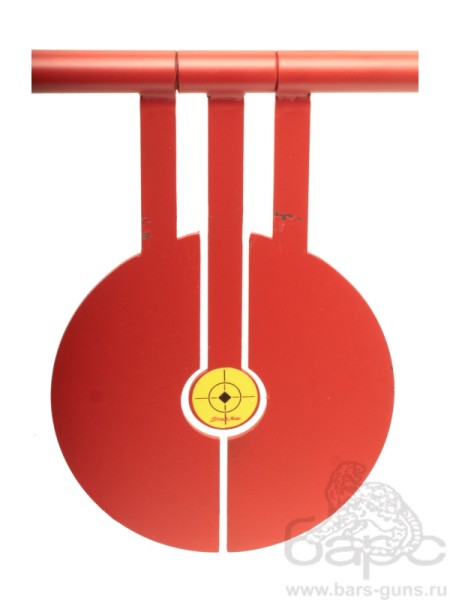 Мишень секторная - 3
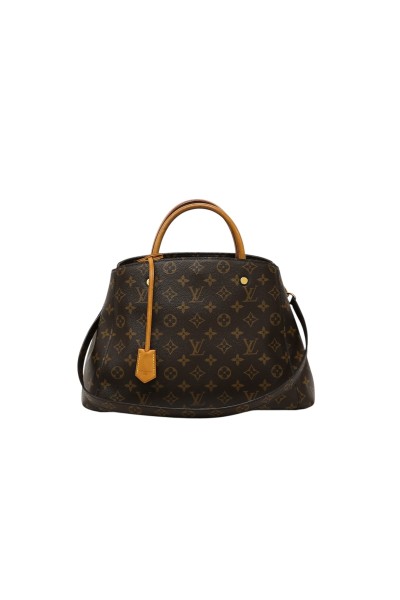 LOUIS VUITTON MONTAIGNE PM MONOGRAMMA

---*---

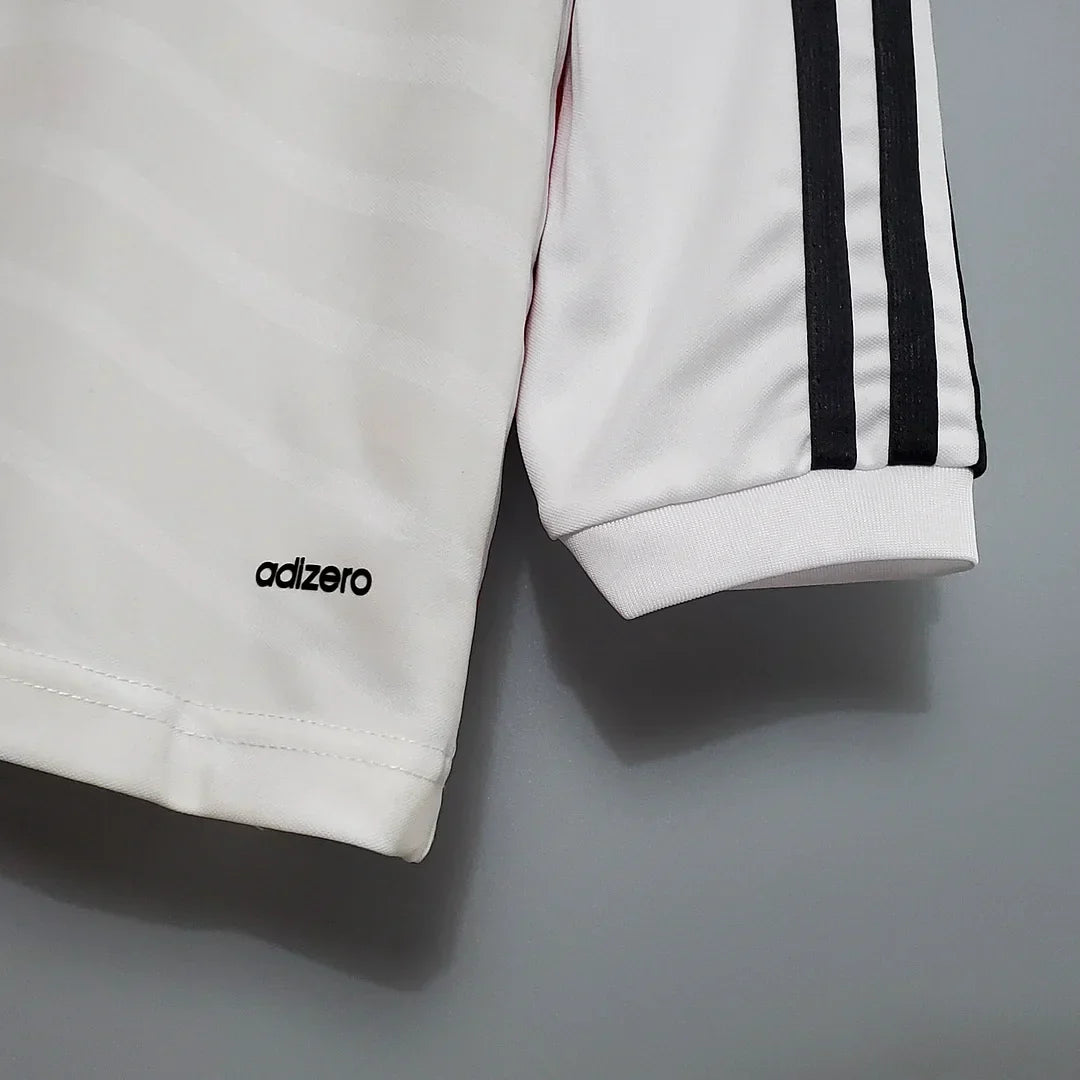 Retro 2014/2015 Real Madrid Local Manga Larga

---*---

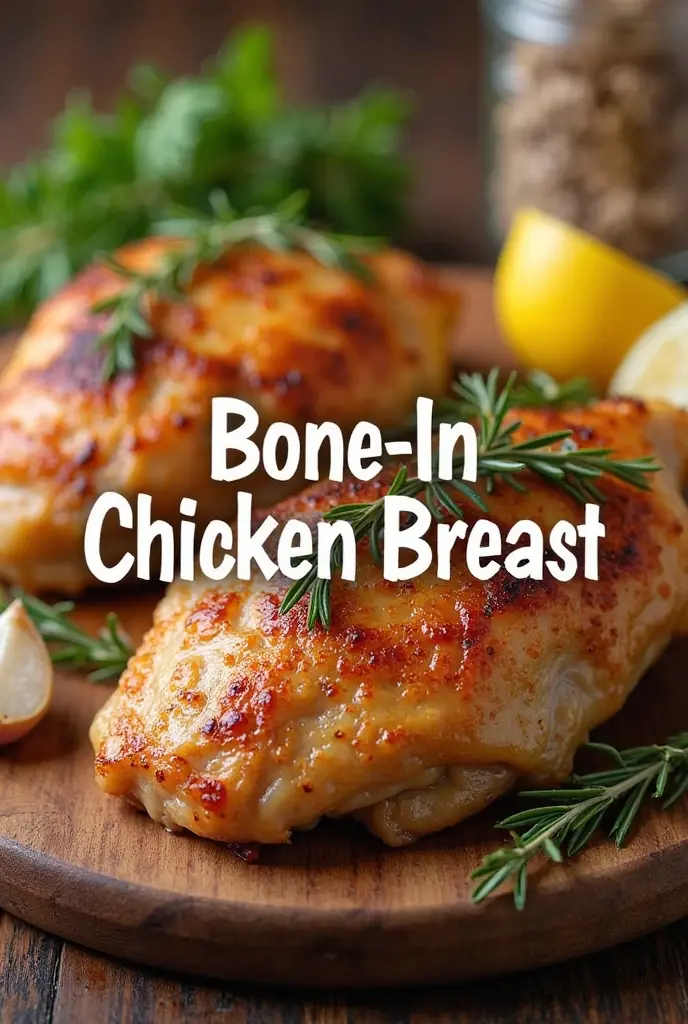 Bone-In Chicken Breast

---*---

### [WHAT THE TASK REQUIRES]
Restate word for word every line from the one with "Мишень секторная - 3" up to and including the one with "LOUIS VUITTON MONTAIGNE PM MONOGRAMMA" in the records above, minus the pictures.

### [ANSWER BOX]
 Мишень секторная - 3
 LOUIS VUITTON MONTAIGNE PM MONOGRAMMA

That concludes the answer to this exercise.